Le viager : une solution pour mieux consommer l'avant-dernière demeure information fournie par The Conversation 02/12/2025 à 16:05
La vente et l'achat en viager restent relativement peu pratiqués en regard des nombreux avantages qu'offre cette forme de transmission de la propriété pour les deux parties concernées, mais aussi pour les collectivités publiques qui pourraient trouver là un levier de politique territoriale. Que dit la relativement faible appétence pour le viager de notre manière de consommer le logement ?
Longtemps considéré comme un simple support d'habitation ou d'investissement, l'immobilier est aujourd'hui au cœur des dynamiques contemporaines de consommation. Il constitue un poste de dépense majeur, freine l'accès à d'autres formes de consommation pour les plus jeunes, et devient lui-même un objet de consommation : location de courte durée, plateformes d'échange, ou optimisation patrimoniale. Dans ce contexte, interroger le viager, comme manière de « consommer » l'avant-dernière demeure, permet de reposer autrement la question de notre rapport au logement, à la propriété et à la finitude.

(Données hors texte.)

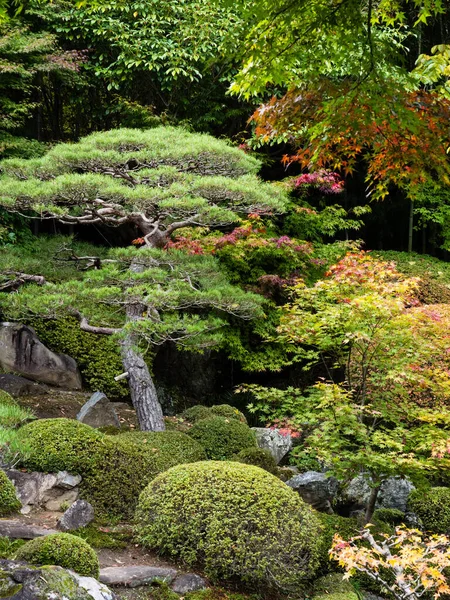 Tradycyjny Japoński Ogród Krajobrazowy Wczesną Jesienią — Zdjęcie stockowe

Parmi ces usages de l'immobilier, le viager occupe une place singulière. À la fois marginal et porteur d'enjeux sociaux, patrimoniaux et territoriaux, il reste étonnamment absent du débat public. Cet article propose de le penser, non pas seulement comme un produit financier, mais comme un acte de consommation au sens fort : un usage final de son patrimoine, à l'intersection du privé, du social et du symbolique.
Une fausse évidence ?
C'est dans cette perspective que l'on peut relire autrement la formule de « dernière demeure ». À l'heure où les pratiques d'incinération se développent, réduisant la prise à bail de la tombe ou du caveau, on pourrait s'attendre à ce que l'avant-dernière habitation – celle du vivant – suive le même mouvement. Le viager, en tant que moyen de consommer son patrimoine – certains penseront consumer – devrait ainsi être une évidence. Pourtant, il n'en est rien. L'avant-dernier logement ne s'avère consommable qu'avec beaucoup de difficultés.

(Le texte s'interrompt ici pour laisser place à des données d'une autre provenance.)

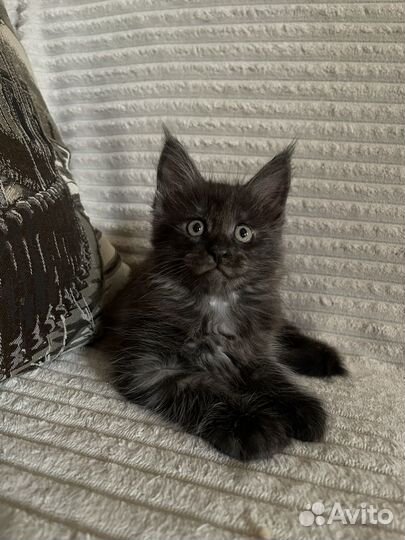 Котёнок мейн-кун продан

Consommer un logement peut se faire pour un propriétaire par la jouissance locative qu'il en retire en y vivant, ou en le louant (droit d'usage et d'habitation). Il est cependant aussi possible de consommer les murs, telle la maison en pain d'épices de Hansel et Gretel, en réalisant une vente en viager. Ici, le propriétaire occupant cède à un vendeur les murs, tout en conservant le droit de vivre dans son bien. En échange, l'acquéreur lui verse une somme à la signature du contrat (le bouquet) et des mensualités durant tout le reste de sa vie (la rente). Au décès du vendeur, l'acheteur récupère la pleine propriété du bien. Par ce mécanisme, la richesse immobilisée dans l'actif immobilier, dans les murs, devient mobilisable et consommable.

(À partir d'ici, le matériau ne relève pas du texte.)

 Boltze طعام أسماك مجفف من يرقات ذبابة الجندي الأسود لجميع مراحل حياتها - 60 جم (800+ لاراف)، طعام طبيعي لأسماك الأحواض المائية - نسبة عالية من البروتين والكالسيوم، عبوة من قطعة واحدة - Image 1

Marché potentiel, marché actuel
Si, en France, la richesse en logement détenue par les retraités dépasse les 1000 milliards d'euros, les biens effectivement « viagérisés » ne représentent eux que 2,5 milliards d'euros. De plus, alors que la richesse immobilière des retraités est moins concentrée territorialement que la richesse immobilière totale, et constitue donc un facteur d'équilibre spatial, la richesse « viagérisée » s'avère par contre particulièrement concentrée. Plus de 50 % de la valeur sous contrat viager est localisée dans cinq départements : Paris pour 30 %, les Hauts-de-Seine et les Yvelines, et autour de la Côte d'Azur.
La carte ci-dessous représente le marché potentiel du viager, c'est-à-dire la richesse immobilière des retraités (en % de la richesse immobilière départementale, et en valeur). Comme on le voit, son potentiel est réel dans de nombreux départements.
La rentabilité de ce produit serait-elle alors mauvaise en dehors de ces cinq départements (et peut-être des cœurs urbains des métropoles) ? Il n'en est rien. Dans presque tous les départements, la rentabilité est positive et substantielle. Elle peut même atteindre des niveaux élevés dans des départements où le marché viager n'existe pourtant presque pas (Ain, Tarn-et-Garonne, Landes, Vendée).
Des retraités largement propriétaires
Alors, peut-être, le viager ne servirait-il qu'à satisfaire des besoins marginaux, peu fréquents ? Nous laissons au lecteur le soin d'en juger, dans un univers où le financement des retraites représente pour la nation un enjeu si important. Pour un retraité propriétaire (75 % des retraités le sont, contre 58 % en moyenne globale), le viager permet d'accroître ses revenus disponibles. Ceux-ci peuvent être utilisés pour financer la consommation courante, les loisirs, la dépendance lorsque celle-ci survient, ou encore l'entretien de l'habitation et l'amélioration de ses performances écologiques.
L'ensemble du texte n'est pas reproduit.